Which of the following statements is TRUE?
A
$$f(\sqrt {\ln 3} ) + g(\sqrt {\ln 3} ) = {1 \over 3}$$
B
For every x > 1, there exists an $$\alpha$$ $$\in$$ (1, x) such that $${\psi _1}(x) = 1 + \alpha x$$
C
For every x > 0, there exists a $$\beta$$ $$\in$$ (0, x) such that $${\psi _2}(x) = 2x({\psi _1}(\beta ) - 1)$$
D
f is an increasing function on the interval $$\left[ {0,{3 \over 2}} \right]$$
CHECK ANSWER
Explanation $${\psi _1}(x) = {e^{ - x}} + x,x \ge 0$$ $${\psi _2}(x) = {x^2} - 2x - 2{e^{ - x}} + 2,x \ge 0$$ $$f(x) = \int_{ - x}^x {(\left| t \right| - {t^2}){e^{ - {t^2}}}dt,\,x > 0} $$ $$ = 2\int_0^x {(t - {t^2}){e^{ - {t^2}}}dt} $$ .... (i) $$g(x) = \int_0^{{x^2}} {\sqrt t \,.\,{e^{ - t}}dt,x > 0} $$ Put $$t = {z^2} \Rightarrow dt = 2zdz$$ $$\therefore$$ $$g(x) = \int_0^x {z.{e^{ - {z^2}}}.\,2zdz} $$ $$ = 2\int_0^x {{z^2}.{e^{ - {z^2}}}dz = 2\int_0^x {{t^2}.{e^{ - {t^2}}}dt} } $$ $$f'(x) = 2(x - {x^2}){e^{ - {x^2}}} = 2x(1 - x){e^{ - {x^2}}}$$ $$\therefore$$ f is increasing for x$$\in$$(0, 1) and f is decreasing for x$$\in$$(1, $$\infty$$).

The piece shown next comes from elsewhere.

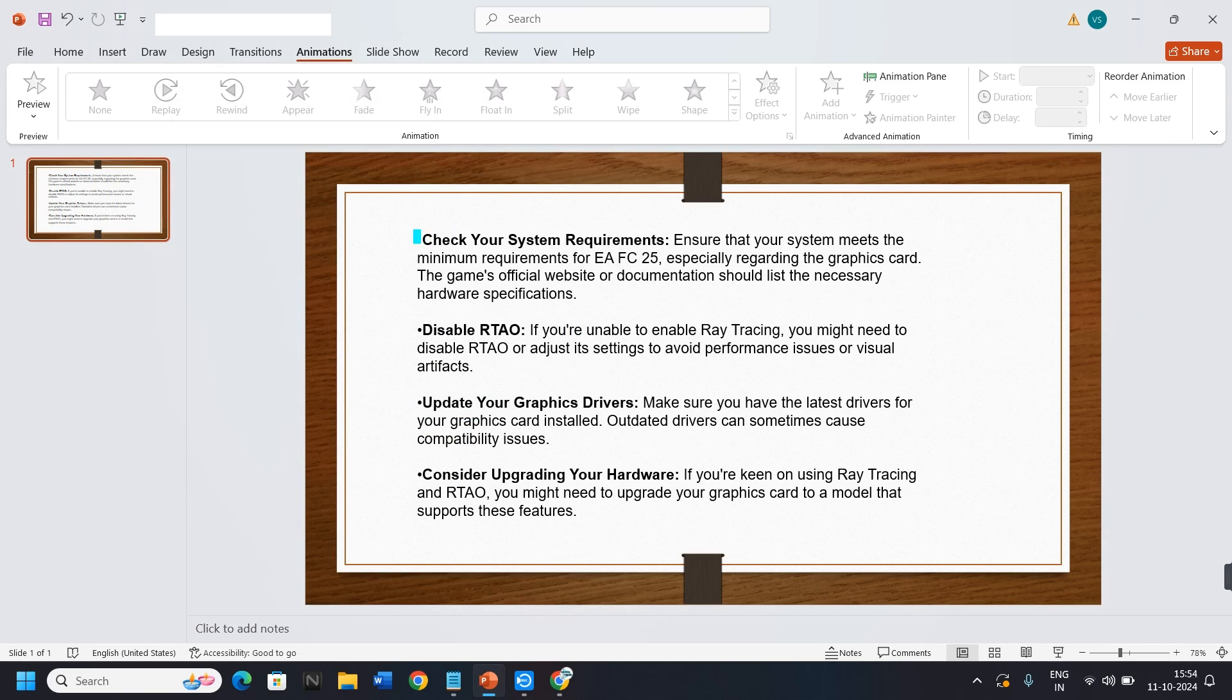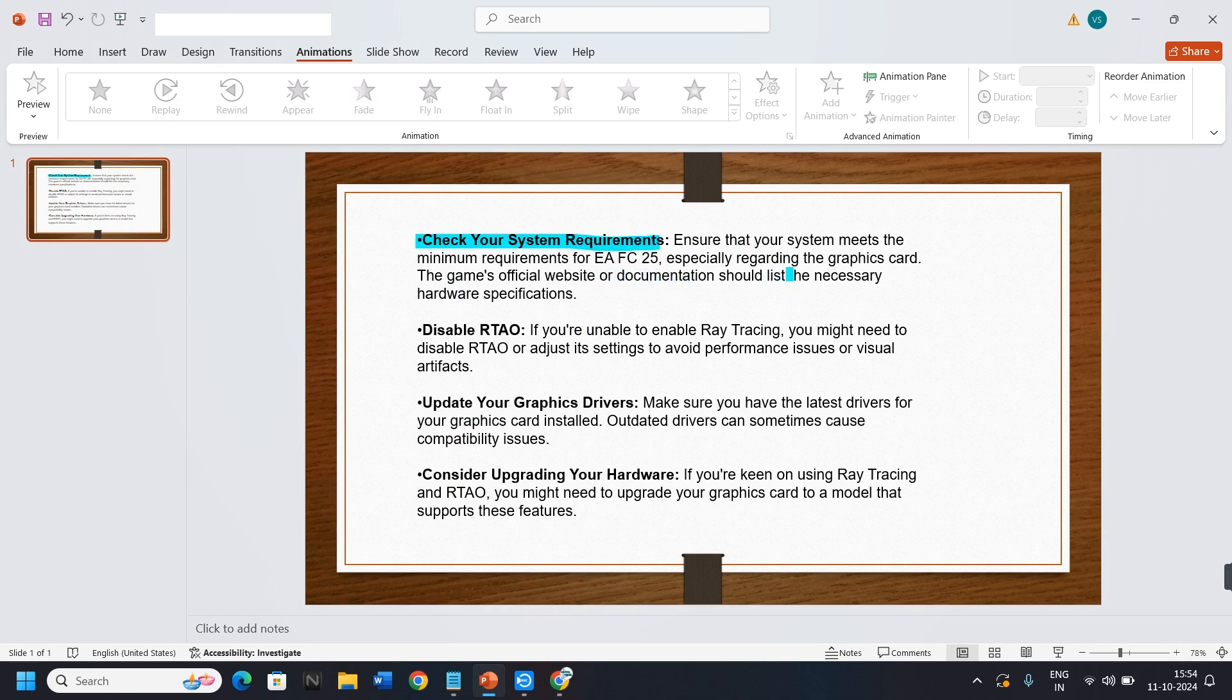Hi guys, in this video I'm going to show you how to fix EA FC25 trying to enable RTO without ray tracing enabled - no ray tracing hardware detected. For this, you need to follow some steps.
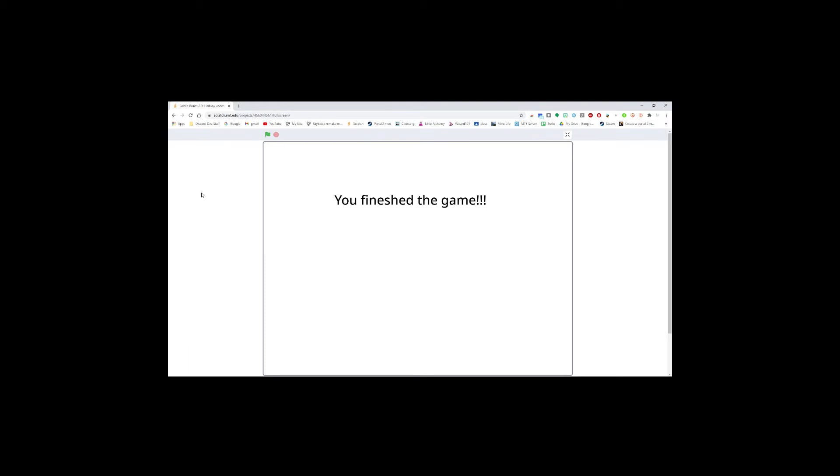Hello guys, today we're going to be looking at the gameplay trailer for my new update to Baldi's Basics inside of Scratch. This is the 2.0 update, also known as the Hallway Update. Expect some bugs in this trailer because I'm going to be playing the game for you to show you what I have so far.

Hence, option (d) is incorrect. Now, $$f(x) + g(x) = 2\int_0^x {t.{e^{ - {t^2}}}dt} $$ $$ = [ - {e^{ - {t^2}}}]_0^x = ( - {e^{ - {x^2}}}) - ( - 1) = 1 - {e^{ - {x^2}}}$$ $$ \Rightarrow f(x) + g(x) = 1 - {e^{ - {x^2}}}$$ $$\therefore$$ $$f(\sqrt {\ln 3} ) + g(\sqrt {\ln 3} ) = 1 - {e^{ - {{(\sqrt {\ln 3} )}^2}}} = 1 - {e^{ - \ln 3}} = 1 - {1 \over 3} = {2 \over 3}$$ Hence, option (a) is incorrect. $$\because$$ $${\psi _1}(x) = {e^{ - x}} + x$$ .... (iii) $$\because$$ $$ \Rightarrow \psi {'_1}(x) = 1 - {e^{ - x}} < 1$$ Then, for $$\alpha \in (1,x),{\psi _1}(x) = 1 + \alpha x$$ does not true for $$\alpha$$ > 1. So, option (b) is incorrect. Now, $${\psi _2}(x) = {x^2} - 2x - 2{e^{ - x}} + 2$$ $$ \Rightarrow \psi {'_2}(x) = 2x - 2 + 2{e^{ - x}} = 2(x + {e^{ - x}}) - 2$$ $$ = \psi {'_2}(x) = 2{\psi _1}(x) - 2$$ [from Eq. (iii)] By LMVT, $$\psi {'_2}(\beta ) = {{{\psi _2}(x) - {\psi _2}(0)} \over {x - 0}}$$, for $$\beta \in (0,x)$$ $$ \Rightarrow {{{\psi _2}(x) - 0} \over {x - 0}} = \psi {'_2}(\beta ) \Rightarrow {\psi _2}(x) = x\,.\,\psi {'_2}(\beta ) = 2x({\psi _1}(\beta ) - 1)$$ Hence, option (c) is correct.